The International Super Computing 2025 conference is going on this week in Hamburg, Germany and is celebrating its 40th anniversary. It is also the 65th compilation of the Top 500 supercomputer rankings, which was started way back in 1993, which certifies the peak theoretical performance and sustained performance of each machine ranked on the High Performance Linpack (HPL) parallel processing benchmark test.
Over the decades, when the Top 500 list came out each June with ISC in Germany and each November with the SuperComputing (SC) conference in the United States, we did exactly what you did: We looked for the new machines on the list and tried to see how each new machine and its architecture stacked up to its rivals and alternatives.
We have complained ad nauseum about how this twice-a-year list does not actually rank the top five hundred supercomputers in the world, and has not for a long time, but merely ranks the highest performing machines that submitted certified HPL performance metrics. Supercomputers used to be synonymous with the upper echelons of “high performance” or “technical” computing, and the list started out being pretty faithful as a proxy for systems running HPC simulation and modeling workloads as their day jobs. But over time, telecom, service provider, and cloud vendors have – for nationalistic reasons – submitted results on the HPL test for on systems that do not do HPC as their day jobs.
Moreover, there are plenty of military and research lab supercomputers that do not make the list, and the Chinese government has not submitted results for its capability-class supercomputers for several years. We have big HPC machines that are not on the list and smaller commercial clusters that are carved up and treated like they are HPC machines when they are not. This all obviously skews the list and distorts the HPC reality.
So, starting with the June 2024 Top500 rankings, we decided that the best way to use the list was to look at general trends and then carve out new machines that were added since the previous list. This is kind of an architectural compare and contrast as well as a kind of buyer’s guide. Which is what benchmarks are really all about anyway once you strip away the politics and nationalism and healthy competition between HPC centers and countries.
On the June 2025 Top 500 supercomputer list, which you can see here, the only new machine in the top ten systems is the “Jupiter” booster system at Jülich Supercomputing Centre in Germany, created under the auspices of the EuroHPC exascale effort and built by Eviden (formerly known as Atos/Bull). The booster part of the Jupiter system is a partition that has most of its 64-bit floating point performance located in GPU accelerators, in this case “Hopper” H200 GPU compute engines from Nvidia, and it is also the largest and most expensive part of the Jupiter machine, which will have other kinds of nodes as well, including Arm server CPUs clustered together old-school style as well as neuromorphic, quantum, and visualization modules.
The Jupiter Booster has 4.8 million CPU cores and GPU streaming multiprocessors in total, and has a peak theoretical performance at FP64 resolution of 930 petaflops and delivered 793 petaflops on the HPL test, which is a computational efficiency of 85.3 percent. The Jupiter Booster burns 13.1 megawatts.
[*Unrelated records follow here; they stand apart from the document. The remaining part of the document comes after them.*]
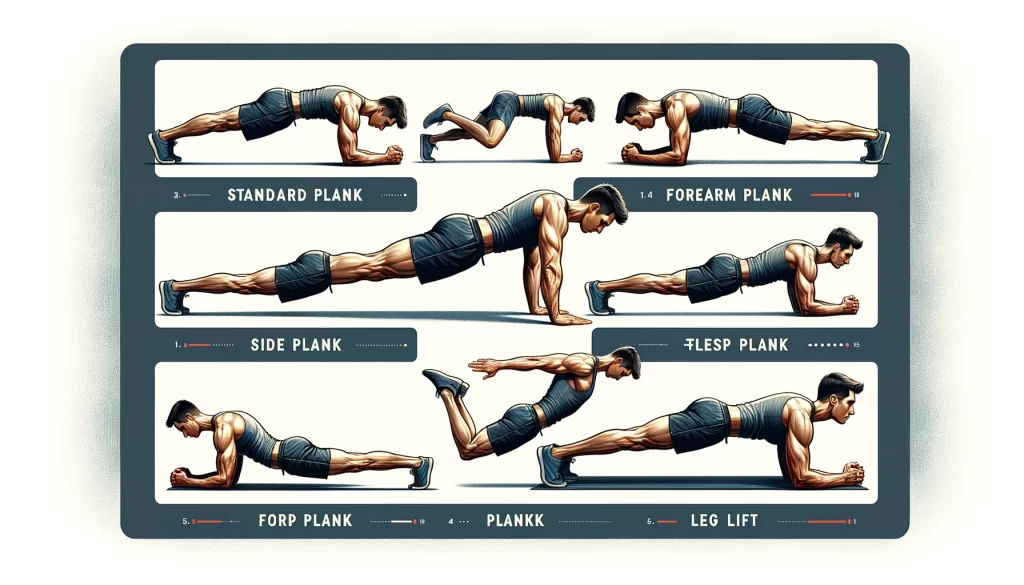 types of planks
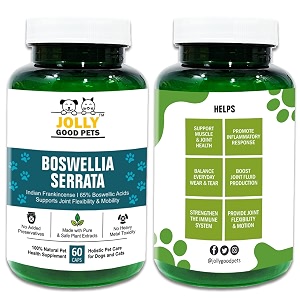 boswellia joint amp mobility support supplement for dogs amp cats i 100 plant-based i combats inflammation cartilage damage amp joint pain i 60 capsules
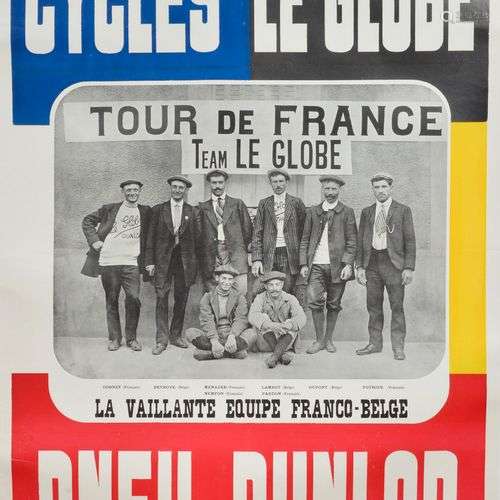 Affiche des cycles. «Le Globe». La vaillante équip…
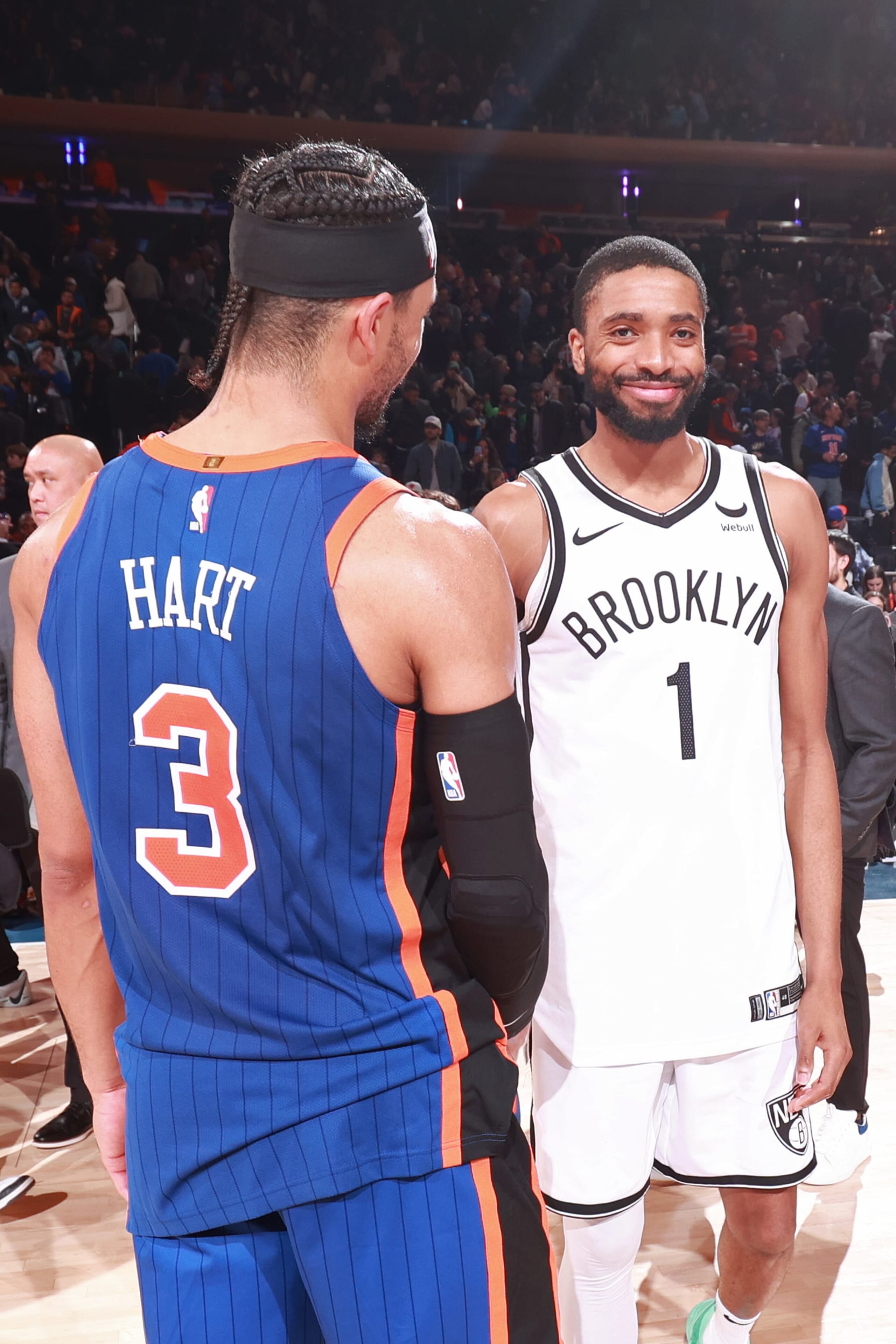 Josh Hart and Mikal Bridges Josh Hart and Mikal Bridges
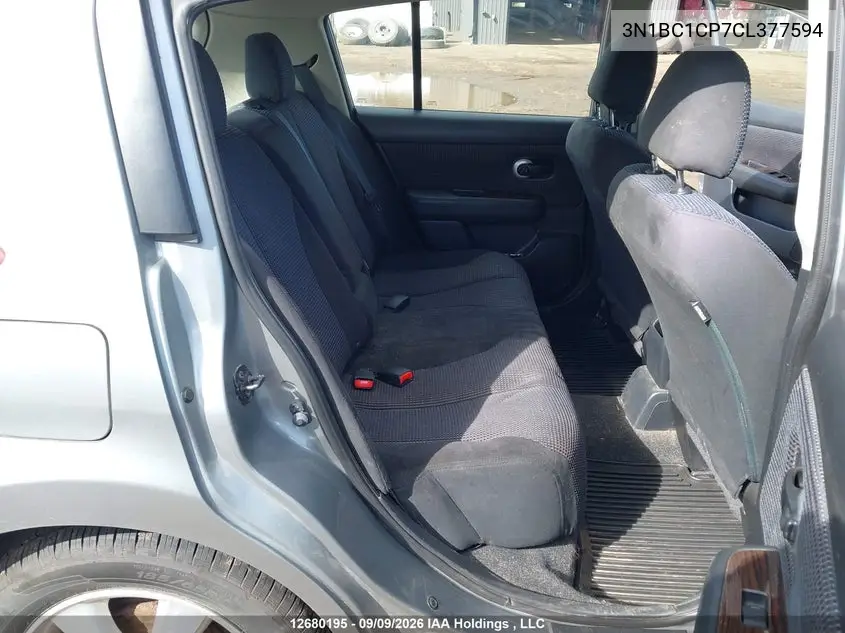 2012 NISSAN VERSA VIN 3N1BC1CP7CL377594 — фото 8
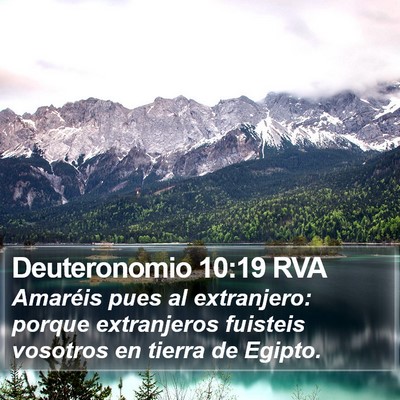 Deuteronomio 10:19 RVA Bible Verse Image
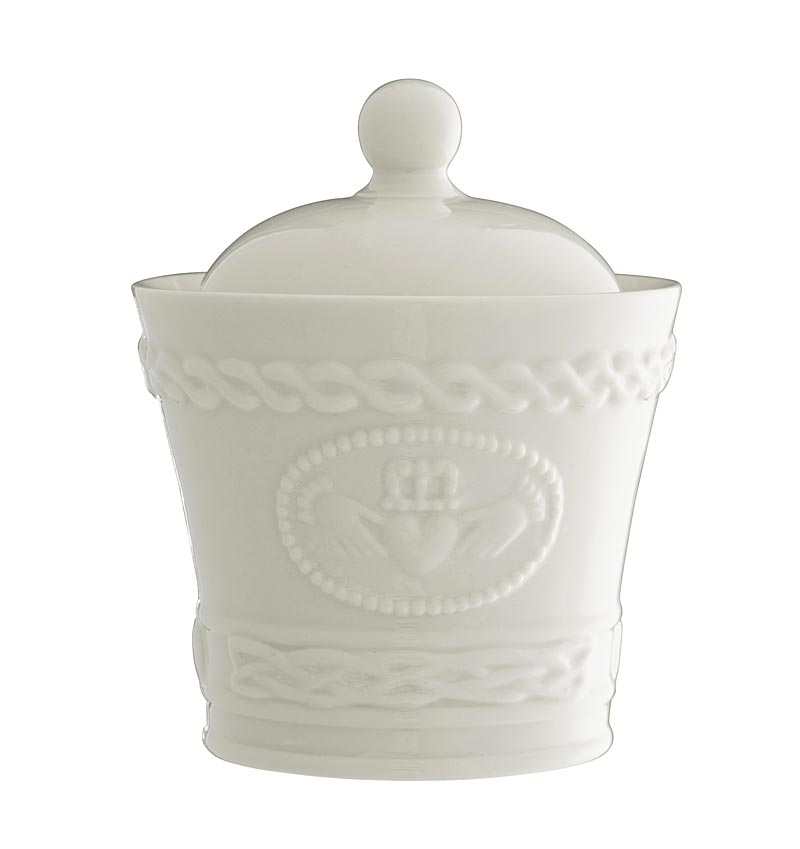 Product image for Belleek Claddagh Sugar/Condiment Bowl  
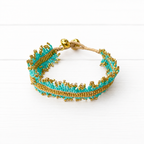 Pulsera miyuki flecos azul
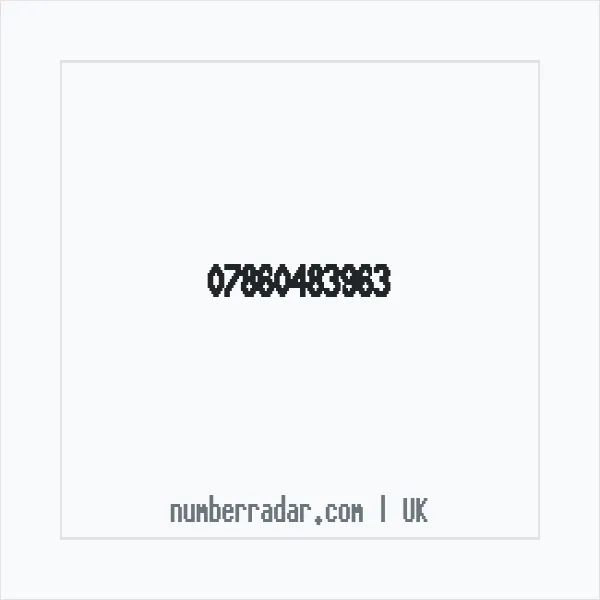 Reverse number check for +44 7860 483963 — who called me?
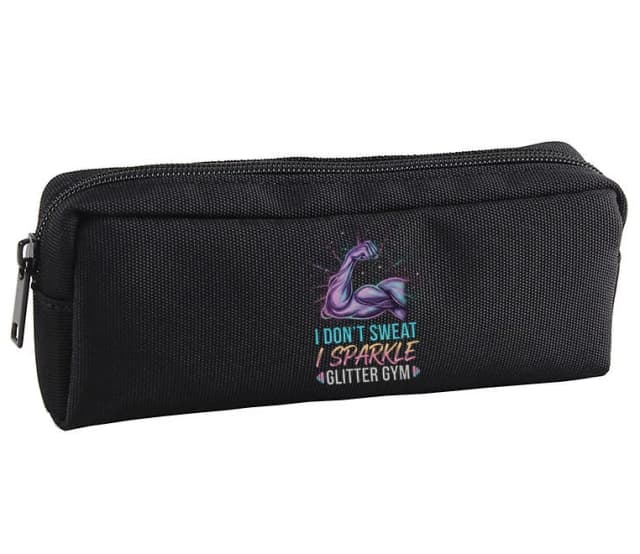 Penál Síla A Třpyt I Dont Sweat I Sparkle Glitter Gym Pro Silné Duše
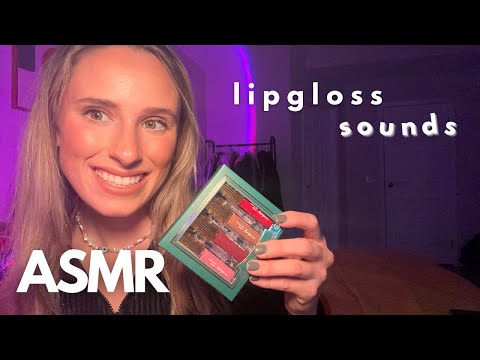 Trying Different Lip Glosses 💄 | ASMR for Sleep, Mouth Sounds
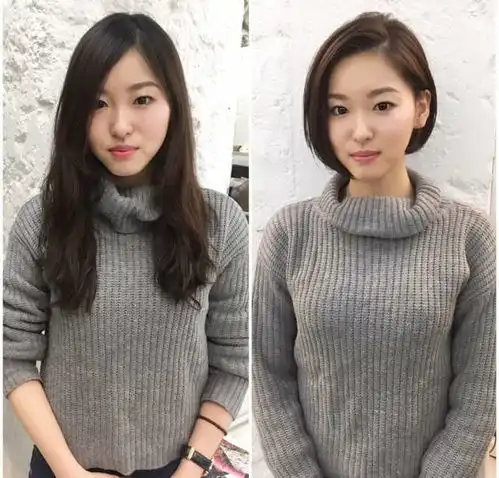剪短发显胸大,居然是真的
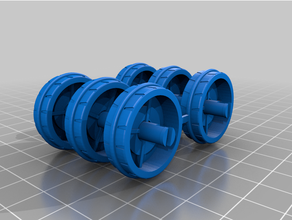 robot disguise prime tires 3d print model - Mito3D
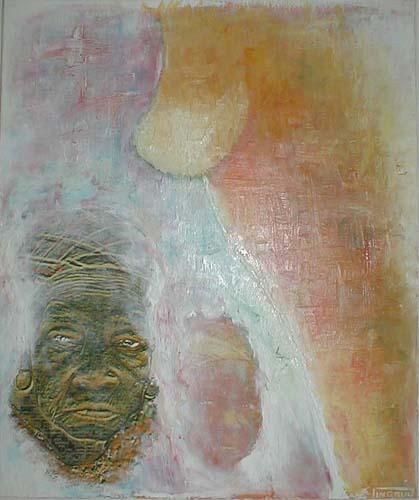 Painting titled "hier" by Patrick Pingaud, Original Artwork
This is not too shabby considering that similar but much smaller Grace-Hopper machines installed at ExxonMobil and NCSA at the University of Illinois had only a 53.2 percent computational efficiency. These were using Hewlett Packard Enterprise’s “Rosetta” Slingshot Ethernet interconnect instead of Nvidia’s InfiniBand, so that might have something to do with it. The other big Grace CPU-Hopper GPU system was the “Isambard-AI Phase 2” system at the University of Bristol in England, which delivered 216.5 petaflops on the HPL test with a 77.2 percent computational efficiency.
Add them all up, and the five Grace-Hopper supercomputers had 6.84 million cores and delivered a total of 1.48 exaflops at FP64 precision, and all told represented 46.8 percent of the peak performance across the 48 systems that were new on the June 2025 Top 500 rankings.

The next biggest block of new compute added for the June 2025 list were the eighteen machines that had Intel Xeon CPUs on their hosts and Nvidia GPUs. These machines had a total of 1.19 exaflops of FP64 performance across those eighteen systems, comprising 37.5 percent of all new capacity added since the November 2024 rankings.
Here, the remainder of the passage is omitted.